-- Information shown follows --

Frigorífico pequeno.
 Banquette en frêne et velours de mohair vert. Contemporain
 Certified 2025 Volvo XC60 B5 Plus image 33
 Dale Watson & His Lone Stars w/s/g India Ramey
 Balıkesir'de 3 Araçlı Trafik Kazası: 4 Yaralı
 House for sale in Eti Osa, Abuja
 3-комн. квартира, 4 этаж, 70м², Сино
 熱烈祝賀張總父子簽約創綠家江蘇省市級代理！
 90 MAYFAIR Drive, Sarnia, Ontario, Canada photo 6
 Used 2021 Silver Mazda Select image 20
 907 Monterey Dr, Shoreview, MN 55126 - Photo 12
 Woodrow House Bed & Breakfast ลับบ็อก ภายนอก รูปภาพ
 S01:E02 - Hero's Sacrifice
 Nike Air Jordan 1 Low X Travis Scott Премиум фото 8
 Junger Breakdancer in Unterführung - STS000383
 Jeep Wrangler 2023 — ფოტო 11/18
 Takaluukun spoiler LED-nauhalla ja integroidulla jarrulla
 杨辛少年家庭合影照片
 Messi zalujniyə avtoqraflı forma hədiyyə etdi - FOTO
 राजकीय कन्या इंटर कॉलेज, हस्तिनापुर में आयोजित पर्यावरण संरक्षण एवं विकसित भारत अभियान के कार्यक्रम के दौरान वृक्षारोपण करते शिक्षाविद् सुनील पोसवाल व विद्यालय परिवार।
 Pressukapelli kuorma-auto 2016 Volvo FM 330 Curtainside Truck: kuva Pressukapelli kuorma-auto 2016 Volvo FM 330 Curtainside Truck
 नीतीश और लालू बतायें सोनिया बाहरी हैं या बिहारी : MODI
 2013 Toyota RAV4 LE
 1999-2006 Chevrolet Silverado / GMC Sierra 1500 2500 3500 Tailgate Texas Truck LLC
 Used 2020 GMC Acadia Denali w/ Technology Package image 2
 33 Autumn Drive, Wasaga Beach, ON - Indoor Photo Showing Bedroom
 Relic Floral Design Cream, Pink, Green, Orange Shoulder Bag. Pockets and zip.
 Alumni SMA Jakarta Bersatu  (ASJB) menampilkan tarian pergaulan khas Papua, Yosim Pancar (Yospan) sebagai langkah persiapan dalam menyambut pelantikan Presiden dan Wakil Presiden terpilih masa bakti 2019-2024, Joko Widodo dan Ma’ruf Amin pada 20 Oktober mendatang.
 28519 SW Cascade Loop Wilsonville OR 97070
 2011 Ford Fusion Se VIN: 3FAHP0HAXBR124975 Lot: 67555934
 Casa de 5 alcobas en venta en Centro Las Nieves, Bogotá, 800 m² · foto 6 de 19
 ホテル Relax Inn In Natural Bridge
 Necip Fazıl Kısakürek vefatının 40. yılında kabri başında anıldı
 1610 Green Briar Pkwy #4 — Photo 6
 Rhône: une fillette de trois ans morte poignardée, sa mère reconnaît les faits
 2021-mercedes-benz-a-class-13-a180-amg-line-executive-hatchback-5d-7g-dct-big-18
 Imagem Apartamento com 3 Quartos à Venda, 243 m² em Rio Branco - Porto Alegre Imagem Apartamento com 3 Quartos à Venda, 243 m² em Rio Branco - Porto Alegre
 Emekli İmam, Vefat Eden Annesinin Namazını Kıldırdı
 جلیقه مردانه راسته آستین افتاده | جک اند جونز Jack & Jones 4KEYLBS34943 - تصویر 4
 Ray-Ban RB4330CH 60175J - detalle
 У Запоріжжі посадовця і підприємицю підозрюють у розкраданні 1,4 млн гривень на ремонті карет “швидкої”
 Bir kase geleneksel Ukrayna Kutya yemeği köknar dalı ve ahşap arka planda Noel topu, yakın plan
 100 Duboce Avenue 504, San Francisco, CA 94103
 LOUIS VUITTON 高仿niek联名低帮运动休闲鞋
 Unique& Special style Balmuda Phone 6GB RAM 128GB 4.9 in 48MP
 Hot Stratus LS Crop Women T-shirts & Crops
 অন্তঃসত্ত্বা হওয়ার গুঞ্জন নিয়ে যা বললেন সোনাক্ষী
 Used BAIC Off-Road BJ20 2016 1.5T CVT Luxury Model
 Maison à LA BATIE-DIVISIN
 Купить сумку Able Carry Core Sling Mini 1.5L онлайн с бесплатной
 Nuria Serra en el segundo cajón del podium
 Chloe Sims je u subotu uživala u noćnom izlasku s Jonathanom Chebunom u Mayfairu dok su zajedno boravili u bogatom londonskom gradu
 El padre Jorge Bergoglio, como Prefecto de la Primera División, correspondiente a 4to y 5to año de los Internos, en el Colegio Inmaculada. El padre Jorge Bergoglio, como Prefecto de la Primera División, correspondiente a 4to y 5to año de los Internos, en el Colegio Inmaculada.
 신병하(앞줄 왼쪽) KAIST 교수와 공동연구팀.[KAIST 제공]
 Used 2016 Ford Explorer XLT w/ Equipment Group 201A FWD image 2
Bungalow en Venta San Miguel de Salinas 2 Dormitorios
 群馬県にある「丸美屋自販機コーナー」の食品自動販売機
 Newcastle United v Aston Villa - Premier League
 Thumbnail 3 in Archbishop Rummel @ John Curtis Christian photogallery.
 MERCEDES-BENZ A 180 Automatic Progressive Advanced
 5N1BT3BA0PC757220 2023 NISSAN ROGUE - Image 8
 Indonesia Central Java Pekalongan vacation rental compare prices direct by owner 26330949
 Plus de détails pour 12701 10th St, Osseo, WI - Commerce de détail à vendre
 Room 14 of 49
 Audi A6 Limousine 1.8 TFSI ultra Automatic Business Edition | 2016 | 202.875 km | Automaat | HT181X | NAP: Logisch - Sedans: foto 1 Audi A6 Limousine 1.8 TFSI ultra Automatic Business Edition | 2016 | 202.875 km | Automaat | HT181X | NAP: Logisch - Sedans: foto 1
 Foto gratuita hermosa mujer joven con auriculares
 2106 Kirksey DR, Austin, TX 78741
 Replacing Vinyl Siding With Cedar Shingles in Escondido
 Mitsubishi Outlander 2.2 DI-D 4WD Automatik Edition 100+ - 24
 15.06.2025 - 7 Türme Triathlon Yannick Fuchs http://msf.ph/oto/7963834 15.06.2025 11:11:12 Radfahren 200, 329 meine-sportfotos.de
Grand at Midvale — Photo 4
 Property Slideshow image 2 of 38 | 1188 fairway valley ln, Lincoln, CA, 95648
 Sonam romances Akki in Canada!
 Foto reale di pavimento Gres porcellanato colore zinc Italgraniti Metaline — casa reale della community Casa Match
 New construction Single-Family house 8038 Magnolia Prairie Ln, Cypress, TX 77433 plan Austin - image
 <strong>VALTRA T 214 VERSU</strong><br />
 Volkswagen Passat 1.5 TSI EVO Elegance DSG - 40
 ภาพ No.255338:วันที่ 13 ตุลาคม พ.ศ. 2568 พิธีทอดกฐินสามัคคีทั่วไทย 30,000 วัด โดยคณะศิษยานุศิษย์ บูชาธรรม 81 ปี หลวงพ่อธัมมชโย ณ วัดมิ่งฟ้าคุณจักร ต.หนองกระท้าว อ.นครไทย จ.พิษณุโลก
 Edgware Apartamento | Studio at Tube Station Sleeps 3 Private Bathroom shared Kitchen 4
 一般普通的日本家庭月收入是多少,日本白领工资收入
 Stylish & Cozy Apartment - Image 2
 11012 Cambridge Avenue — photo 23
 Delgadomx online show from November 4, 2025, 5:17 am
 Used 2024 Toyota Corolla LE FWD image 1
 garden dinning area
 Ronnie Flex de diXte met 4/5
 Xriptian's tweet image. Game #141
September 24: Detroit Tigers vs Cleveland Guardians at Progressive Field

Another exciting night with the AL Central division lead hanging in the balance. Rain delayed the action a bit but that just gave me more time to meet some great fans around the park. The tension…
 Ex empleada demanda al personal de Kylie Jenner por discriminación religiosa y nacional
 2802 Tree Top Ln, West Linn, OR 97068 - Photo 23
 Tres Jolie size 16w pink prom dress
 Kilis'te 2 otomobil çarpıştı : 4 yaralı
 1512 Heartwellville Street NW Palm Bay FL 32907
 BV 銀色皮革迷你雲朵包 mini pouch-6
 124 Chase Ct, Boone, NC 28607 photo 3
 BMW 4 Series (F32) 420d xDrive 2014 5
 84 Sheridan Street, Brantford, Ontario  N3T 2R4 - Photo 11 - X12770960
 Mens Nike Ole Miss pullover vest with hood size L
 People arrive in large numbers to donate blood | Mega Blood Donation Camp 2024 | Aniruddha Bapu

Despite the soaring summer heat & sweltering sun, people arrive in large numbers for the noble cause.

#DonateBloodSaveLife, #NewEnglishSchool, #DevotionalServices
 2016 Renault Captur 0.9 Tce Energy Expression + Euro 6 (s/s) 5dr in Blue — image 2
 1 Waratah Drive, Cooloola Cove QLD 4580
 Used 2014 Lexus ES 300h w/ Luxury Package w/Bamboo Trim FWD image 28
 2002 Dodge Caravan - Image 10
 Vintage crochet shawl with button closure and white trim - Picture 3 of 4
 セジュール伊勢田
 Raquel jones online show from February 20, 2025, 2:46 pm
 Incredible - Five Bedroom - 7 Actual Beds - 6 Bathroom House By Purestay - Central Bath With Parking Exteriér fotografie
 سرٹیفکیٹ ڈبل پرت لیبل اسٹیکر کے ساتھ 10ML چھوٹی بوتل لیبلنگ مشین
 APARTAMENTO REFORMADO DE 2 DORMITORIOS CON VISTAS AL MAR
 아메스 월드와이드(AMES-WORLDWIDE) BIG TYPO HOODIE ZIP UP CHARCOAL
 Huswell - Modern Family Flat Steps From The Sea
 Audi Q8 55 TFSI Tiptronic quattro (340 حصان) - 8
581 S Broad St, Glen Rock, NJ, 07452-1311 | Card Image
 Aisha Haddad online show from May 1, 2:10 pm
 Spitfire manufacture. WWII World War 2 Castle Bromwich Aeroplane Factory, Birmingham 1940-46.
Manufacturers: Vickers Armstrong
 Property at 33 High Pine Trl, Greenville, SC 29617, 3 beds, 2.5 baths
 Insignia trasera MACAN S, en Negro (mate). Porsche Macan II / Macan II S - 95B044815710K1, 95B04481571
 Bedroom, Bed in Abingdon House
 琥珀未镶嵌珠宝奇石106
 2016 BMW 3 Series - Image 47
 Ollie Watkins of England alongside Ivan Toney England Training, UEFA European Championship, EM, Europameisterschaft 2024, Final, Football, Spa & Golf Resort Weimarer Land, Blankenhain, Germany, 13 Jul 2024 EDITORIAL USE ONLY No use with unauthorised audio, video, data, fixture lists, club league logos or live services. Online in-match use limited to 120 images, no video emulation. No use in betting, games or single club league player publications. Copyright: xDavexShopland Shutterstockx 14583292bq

-- Information shown concluded --

#### Instructions to follow:
Only the lines from the start of the data to the line holding "S01:E02 - Hero's Sacrifice" are wanted; return them exactly, both ends included.

#### Task output:
Frigorífico pequeno.
 Banquette en frêne et velours de mohair vert. Contemporain
 Certified 2025 Volvo XC60 B5 Plus image 33
 Dale Watson & His Lone Stars w/s/g India Ramey
 Balıkesir'de 3 Araçlı Trafik Kazası: 4 Yaralı
 House for sale in Eti Osa, Abuja
 3-комн. квартира, 4 этаж, 70м², Сино
 熱烈祝賀張總父子簽約創綠家江蘇省市級代理！
 90 MAYFAIR Drive, Sarnia, Ontario, Canada photo 6
 Used 2021 Silver Mazda Select image 20
 907 Monterey Dr, Shoreview, MN 55126 - Photo 12
 Woodrow House Bed & Breakfast ลับบ็อก ภายนอก รูปภาพ
 S01:E02 - Hero's Sacrifice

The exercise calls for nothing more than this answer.